Leave your memories of Tony Sheridan, the man who taught The Beatles to rock
PUBLISHED: 11:20 18 February 2013 | UPDATED: 11:20 18 February 2013
The Norwich man who taught The Beatles how to rock ’n’ roll, Tony Sheridan, has died in Germany at the age of 72.
He took The Beatles under his wing when they arrived in Germany in the early 1960s and they made their first recordings with him before becoming the biggest band in the world.
It was the record My Bonnie which first caused Brian Epstein to take an interest in the young lads from Liverpool, who were making a name for themselves in Europe.

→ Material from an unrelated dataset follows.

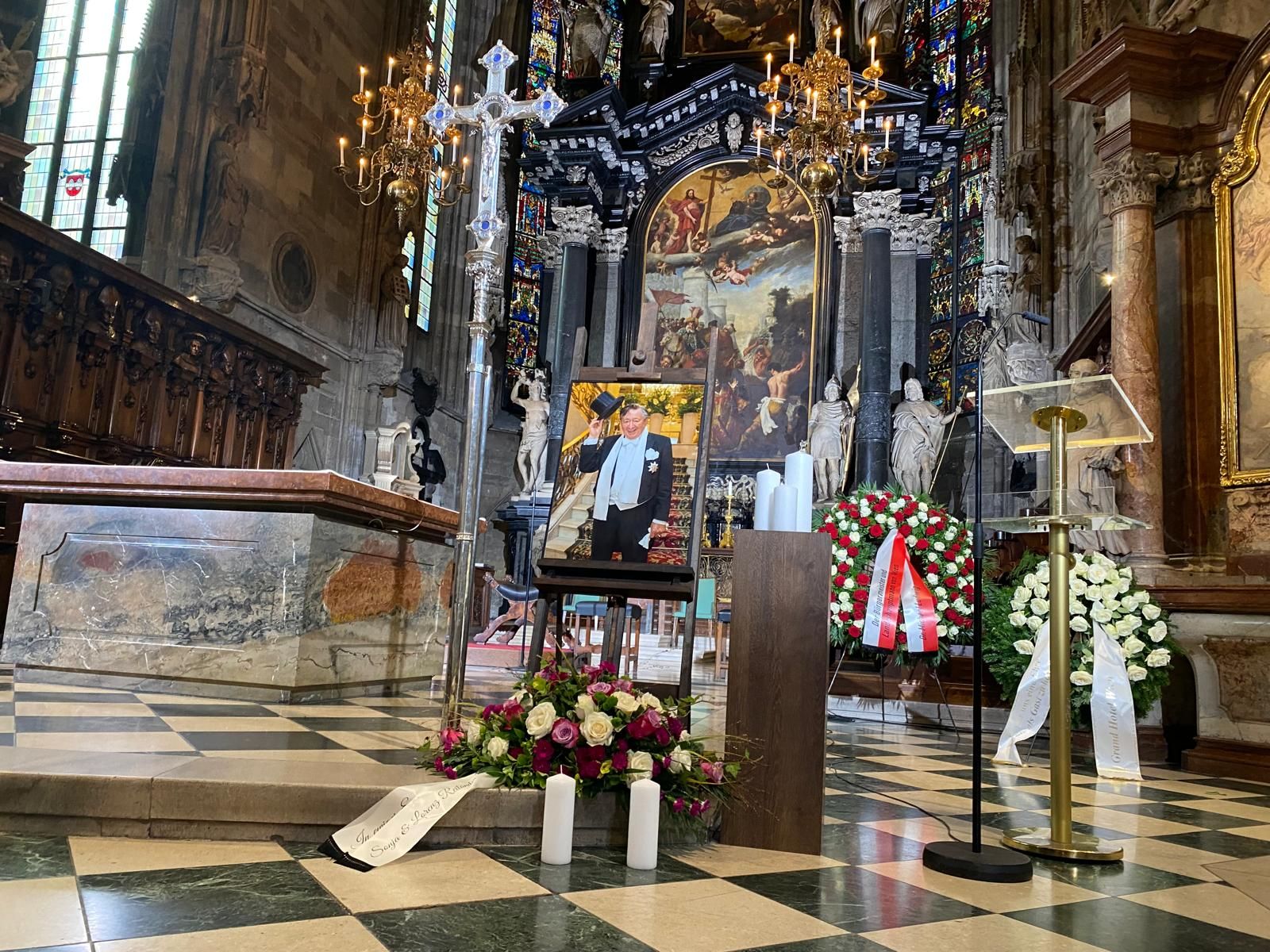 Heute.at - Trauerfeier für Richard Lugner – Wien nimmt Abschied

“You could always tell there was something special about them,” said Tony, looking back on some crazy days in Hamburg when The Beatles were his backing band.
At the time Tony was a star attraction in Germany – a pioneering rock ‘n’ roll rebel –and the leather-clad boys from Liverpool learned their craft watching and listening to the man from Norwich they called “The Teacher.”

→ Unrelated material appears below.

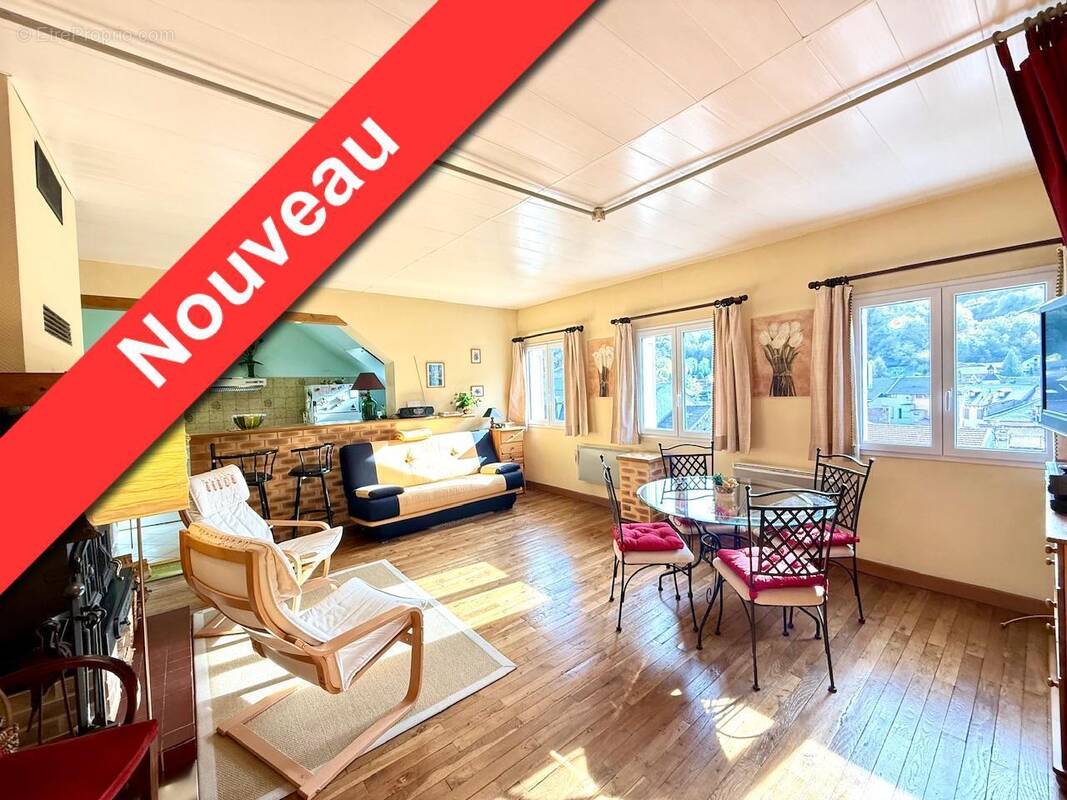   - Appartement à AX-LES-THERMES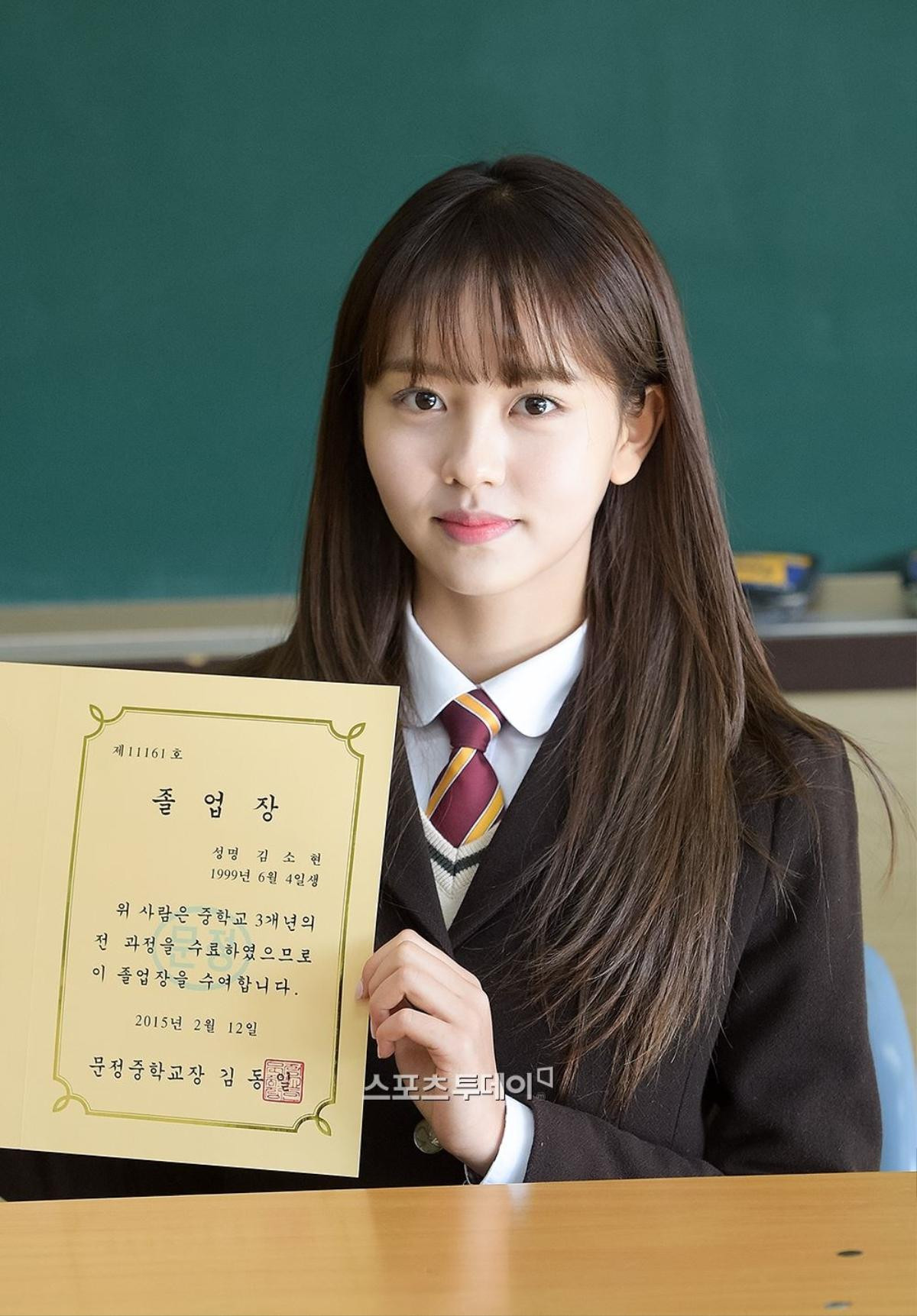 Lộ diện những hình ảnh đầu tiên của Kim So Hyun cùng bạn diễn mỹ nam trên phim trường ‘Love Alarm’ Ảnh 6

They were his “Beat Brothers.”
In those days few people could make an electric guitar sound the way Tony could and he played session guitar on whole host of hit records in the 1960s.
But while so many of the bands and artists went on to becoming world famous Sheridan stayed in the background.
A highly intelligent man, he always went his own way in life. No-one told him what to do.
Anthony Esmond Sheridan McGinnity was born in 1940 during the Second World War and grew up in Thorpe St Andrew.
He went on to the City of Norwich School where he was taught to play the violin before changing it for a guitar.
During the 1950s he was one of the first skiffle kids – playing first at Thorpe with his group The Cygnets and The Saints.
From the moment Tony picked up a guitar he attracted the crowds and queues would form outside the Red Lion in St George’s where people were desperate to hear him play.
But there was only way for up and coming rockers to be in England of the late 1950s and that was the Two I’s coffee bar in London’s Soho.
“I hitch-hiked from Norwich to London. That was where the action was,” said Tony.
In 1958 he and another young rocker from Norwich, Kenny Packwood, were playing live on the Oh Boy television show and it was said that Tony was the first musician to play electric guitar live on TV.
Kenny went on to play lead guitar with Marty Wilde & The Wildcats while Tony joined the infamous Eddie Cochran/Gene Vincent tour in 1960.
He turned down their offer of a lift after one concert and escaped the road accident with killed Eddie and badly injured Gene.
Despite offers to join to British bands, Tony packed his guitar and headed for Germany where he soon became a big name at the clubs in Hamburg.
Ringo Starr was his drummer for a time and among the young lads coming over from England, attracted by the bright lights, were John Lennon, Paul McCartney, George Harrison and Pete Best.
They were hooked on Tony – especially young George, who spent ages learning how to play the guitar with Tony and never forgot how much he helped him.
The single My Bonnie featuring Tony and The Beatles became a minor hit and when it started to sell in Liverpool Brian Epstein took an interest in The Beatles.
They returned to England and Tony stayed in Germany.
His career has been a rollercoaster ride through the world of rock, blues, jazz and classical.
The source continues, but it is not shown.